ACTIVITY. For the word "Hanging", report how many lines of the records below contain it, and nothing more.

*** MATERIAL FOR THIS EXERCISE Section Begins ***

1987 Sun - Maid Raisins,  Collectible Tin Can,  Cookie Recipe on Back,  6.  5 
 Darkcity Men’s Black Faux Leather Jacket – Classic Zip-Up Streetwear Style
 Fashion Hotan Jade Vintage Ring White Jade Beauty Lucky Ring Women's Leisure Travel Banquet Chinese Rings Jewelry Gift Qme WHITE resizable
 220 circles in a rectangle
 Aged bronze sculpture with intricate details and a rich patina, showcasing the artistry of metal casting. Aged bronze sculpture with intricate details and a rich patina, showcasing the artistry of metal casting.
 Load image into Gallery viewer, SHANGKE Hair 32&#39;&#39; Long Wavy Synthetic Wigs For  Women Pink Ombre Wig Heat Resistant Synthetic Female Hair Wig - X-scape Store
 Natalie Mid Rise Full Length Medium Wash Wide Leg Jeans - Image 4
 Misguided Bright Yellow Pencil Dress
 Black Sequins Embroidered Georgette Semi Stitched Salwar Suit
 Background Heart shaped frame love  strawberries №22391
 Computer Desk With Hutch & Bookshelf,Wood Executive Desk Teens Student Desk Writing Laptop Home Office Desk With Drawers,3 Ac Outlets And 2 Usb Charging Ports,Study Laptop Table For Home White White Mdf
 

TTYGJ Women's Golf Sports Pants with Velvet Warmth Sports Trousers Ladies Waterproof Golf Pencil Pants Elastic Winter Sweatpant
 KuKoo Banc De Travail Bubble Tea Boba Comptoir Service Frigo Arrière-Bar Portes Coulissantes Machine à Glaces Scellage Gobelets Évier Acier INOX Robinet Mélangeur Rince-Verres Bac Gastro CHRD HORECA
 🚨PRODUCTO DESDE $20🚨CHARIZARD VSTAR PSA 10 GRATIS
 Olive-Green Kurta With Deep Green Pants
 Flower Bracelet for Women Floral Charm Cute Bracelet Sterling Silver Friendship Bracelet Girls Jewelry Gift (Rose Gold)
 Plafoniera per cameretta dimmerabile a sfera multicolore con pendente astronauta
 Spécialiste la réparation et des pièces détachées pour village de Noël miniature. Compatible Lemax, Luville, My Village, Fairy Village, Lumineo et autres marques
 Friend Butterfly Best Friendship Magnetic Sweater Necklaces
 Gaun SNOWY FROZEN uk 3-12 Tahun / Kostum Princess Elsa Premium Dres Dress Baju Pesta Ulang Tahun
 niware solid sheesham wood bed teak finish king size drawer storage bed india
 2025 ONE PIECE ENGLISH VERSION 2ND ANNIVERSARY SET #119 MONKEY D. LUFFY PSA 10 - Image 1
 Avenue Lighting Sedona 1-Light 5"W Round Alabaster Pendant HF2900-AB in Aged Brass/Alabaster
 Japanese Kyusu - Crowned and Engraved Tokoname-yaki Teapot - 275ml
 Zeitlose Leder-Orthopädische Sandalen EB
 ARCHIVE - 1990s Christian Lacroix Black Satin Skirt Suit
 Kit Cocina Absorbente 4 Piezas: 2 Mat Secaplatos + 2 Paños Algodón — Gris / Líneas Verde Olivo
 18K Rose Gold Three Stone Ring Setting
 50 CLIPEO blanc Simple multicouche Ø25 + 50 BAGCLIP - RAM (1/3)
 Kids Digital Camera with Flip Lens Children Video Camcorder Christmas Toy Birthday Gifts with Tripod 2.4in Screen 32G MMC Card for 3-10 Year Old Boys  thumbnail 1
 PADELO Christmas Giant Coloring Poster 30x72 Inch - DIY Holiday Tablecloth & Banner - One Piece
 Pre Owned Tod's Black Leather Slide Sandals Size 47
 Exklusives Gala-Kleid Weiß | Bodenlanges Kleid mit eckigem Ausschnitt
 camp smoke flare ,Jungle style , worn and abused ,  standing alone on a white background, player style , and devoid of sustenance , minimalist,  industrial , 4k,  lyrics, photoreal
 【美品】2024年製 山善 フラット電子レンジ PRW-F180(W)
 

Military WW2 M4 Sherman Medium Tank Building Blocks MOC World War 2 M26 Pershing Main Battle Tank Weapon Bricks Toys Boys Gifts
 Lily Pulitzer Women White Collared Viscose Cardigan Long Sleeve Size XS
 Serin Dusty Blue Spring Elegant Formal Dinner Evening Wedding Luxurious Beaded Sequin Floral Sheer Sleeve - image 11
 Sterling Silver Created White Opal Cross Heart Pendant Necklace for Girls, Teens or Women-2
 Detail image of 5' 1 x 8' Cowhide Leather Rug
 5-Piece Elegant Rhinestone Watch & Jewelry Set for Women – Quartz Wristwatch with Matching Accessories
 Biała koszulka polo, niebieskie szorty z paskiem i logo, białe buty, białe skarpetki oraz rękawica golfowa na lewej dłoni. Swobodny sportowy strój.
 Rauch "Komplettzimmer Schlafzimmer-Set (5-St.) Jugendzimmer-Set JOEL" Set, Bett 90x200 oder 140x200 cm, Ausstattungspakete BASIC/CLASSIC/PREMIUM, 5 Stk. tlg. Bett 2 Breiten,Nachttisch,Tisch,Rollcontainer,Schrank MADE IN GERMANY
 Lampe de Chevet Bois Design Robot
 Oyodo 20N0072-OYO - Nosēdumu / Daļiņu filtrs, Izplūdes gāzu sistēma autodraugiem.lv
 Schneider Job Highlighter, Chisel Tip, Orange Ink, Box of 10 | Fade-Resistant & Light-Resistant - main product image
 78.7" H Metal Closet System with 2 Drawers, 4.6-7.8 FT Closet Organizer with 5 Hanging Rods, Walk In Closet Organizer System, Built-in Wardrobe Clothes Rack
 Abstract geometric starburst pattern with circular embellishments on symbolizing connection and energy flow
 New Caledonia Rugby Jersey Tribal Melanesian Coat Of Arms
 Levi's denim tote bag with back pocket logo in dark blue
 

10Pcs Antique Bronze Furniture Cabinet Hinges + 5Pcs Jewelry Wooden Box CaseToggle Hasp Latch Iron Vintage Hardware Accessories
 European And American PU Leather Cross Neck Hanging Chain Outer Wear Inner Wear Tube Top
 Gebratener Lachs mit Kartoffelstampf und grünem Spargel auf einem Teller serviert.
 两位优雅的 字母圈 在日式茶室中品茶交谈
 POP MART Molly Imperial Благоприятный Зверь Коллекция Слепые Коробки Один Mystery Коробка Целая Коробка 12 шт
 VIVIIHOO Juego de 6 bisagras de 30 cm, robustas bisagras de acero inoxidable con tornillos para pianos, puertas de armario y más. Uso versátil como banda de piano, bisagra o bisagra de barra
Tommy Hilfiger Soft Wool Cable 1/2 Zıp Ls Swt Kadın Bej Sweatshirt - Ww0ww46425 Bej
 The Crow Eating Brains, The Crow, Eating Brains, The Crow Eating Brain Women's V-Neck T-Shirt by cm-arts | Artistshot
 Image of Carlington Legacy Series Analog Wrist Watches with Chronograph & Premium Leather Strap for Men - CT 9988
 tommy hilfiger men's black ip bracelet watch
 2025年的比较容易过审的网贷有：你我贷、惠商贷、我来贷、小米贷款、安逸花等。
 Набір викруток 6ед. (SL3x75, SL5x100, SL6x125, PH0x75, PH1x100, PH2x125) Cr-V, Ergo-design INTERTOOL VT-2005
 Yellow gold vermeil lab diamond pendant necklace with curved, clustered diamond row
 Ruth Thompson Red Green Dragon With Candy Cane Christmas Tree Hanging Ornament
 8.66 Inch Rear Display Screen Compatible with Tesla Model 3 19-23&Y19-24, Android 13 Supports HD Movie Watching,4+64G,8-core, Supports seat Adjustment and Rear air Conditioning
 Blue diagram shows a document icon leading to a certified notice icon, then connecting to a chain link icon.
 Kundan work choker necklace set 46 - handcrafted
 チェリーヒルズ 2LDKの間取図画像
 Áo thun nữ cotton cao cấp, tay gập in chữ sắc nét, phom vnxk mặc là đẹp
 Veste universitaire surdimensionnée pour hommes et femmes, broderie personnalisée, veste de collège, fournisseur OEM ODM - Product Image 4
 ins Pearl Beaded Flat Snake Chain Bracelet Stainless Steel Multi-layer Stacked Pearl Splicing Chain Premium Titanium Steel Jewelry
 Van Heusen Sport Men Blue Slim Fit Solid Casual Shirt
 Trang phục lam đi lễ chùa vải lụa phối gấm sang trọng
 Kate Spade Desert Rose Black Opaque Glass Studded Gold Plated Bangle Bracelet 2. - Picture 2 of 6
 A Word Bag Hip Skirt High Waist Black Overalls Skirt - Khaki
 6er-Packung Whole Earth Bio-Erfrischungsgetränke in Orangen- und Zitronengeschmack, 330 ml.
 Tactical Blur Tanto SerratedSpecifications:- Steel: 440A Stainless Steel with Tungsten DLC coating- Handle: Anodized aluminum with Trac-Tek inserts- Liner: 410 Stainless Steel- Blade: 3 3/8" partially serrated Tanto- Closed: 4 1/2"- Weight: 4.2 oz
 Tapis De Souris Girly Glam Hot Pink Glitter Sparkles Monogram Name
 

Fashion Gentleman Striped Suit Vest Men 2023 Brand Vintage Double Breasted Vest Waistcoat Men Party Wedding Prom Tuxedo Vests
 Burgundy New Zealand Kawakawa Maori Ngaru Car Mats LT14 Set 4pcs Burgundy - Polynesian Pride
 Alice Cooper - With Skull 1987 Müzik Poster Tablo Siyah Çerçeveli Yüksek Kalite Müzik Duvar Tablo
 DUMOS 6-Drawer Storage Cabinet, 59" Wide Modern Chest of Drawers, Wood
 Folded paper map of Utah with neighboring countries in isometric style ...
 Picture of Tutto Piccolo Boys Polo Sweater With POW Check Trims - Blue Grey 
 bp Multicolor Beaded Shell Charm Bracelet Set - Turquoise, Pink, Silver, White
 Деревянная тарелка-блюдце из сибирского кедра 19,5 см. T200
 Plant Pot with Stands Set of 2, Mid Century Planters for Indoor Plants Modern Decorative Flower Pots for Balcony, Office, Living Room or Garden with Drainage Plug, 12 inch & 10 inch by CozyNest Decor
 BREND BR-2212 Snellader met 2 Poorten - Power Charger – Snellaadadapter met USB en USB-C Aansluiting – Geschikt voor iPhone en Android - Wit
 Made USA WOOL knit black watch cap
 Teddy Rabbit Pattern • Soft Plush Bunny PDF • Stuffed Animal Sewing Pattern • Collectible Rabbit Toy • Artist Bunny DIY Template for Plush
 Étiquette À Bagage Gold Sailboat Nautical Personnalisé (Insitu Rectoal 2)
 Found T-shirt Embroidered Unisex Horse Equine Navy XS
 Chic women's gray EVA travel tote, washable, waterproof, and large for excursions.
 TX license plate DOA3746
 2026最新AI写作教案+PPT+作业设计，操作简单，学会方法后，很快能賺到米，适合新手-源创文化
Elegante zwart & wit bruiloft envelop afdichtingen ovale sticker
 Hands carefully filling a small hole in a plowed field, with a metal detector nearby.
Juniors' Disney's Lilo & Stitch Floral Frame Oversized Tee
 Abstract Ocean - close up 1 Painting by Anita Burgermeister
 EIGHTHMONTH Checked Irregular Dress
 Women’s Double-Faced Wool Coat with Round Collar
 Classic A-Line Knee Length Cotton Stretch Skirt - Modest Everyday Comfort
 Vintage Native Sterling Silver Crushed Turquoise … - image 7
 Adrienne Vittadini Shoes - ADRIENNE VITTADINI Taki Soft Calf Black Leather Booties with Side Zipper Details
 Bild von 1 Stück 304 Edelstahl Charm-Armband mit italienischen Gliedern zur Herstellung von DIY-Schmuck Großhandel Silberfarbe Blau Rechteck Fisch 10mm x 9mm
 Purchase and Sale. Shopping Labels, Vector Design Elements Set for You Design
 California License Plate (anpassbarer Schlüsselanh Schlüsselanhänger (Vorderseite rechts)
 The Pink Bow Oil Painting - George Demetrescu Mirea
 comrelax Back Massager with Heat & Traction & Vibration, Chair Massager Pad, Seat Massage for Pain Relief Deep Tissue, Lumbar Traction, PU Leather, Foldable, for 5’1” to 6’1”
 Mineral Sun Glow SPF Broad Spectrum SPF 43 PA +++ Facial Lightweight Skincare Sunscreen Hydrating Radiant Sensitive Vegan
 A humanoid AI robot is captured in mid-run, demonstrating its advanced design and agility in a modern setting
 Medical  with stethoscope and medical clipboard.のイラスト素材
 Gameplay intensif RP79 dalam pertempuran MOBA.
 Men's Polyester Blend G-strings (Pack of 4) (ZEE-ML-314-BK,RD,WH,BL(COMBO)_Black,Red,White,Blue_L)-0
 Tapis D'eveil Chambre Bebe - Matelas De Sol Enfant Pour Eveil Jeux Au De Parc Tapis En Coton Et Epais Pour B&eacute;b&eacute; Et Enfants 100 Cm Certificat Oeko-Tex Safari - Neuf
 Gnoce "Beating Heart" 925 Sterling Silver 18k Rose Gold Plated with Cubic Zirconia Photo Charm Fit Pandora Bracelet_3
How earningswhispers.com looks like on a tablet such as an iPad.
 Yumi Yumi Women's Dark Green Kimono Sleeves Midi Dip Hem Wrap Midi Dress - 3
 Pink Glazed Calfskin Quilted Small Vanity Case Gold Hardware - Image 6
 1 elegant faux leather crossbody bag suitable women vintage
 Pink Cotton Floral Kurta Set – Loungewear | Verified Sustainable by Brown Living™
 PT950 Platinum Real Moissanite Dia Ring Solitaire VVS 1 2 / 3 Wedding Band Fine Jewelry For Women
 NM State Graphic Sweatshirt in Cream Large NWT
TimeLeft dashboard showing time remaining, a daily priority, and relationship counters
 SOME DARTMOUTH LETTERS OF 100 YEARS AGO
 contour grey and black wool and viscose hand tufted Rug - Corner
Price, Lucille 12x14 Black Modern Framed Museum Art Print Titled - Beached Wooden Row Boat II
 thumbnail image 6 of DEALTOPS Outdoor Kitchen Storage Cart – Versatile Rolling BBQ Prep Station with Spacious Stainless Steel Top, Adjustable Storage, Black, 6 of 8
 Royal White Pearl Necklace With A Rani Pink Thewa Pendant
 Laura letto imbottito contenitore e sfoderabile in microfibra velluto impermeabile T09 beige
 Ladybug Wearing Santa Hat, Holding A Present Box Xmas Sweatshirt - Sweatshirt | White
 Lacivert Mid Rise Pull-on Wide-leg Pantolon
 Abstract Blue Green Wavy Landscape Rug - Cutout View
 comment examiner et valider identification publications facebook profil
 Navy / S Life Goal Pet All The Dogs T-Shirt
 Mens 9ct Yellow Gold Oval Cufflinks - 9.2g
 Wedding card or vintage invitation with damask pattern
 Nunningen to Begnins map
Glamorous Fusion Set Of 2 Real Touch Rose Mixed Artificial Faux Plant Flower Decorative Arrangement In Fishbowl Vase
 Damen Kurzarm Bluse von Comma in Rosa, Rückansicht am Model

*** MATERIAL FOR THIS EXERCISE Section Ends ***

WRITTEN SOLUTION. 3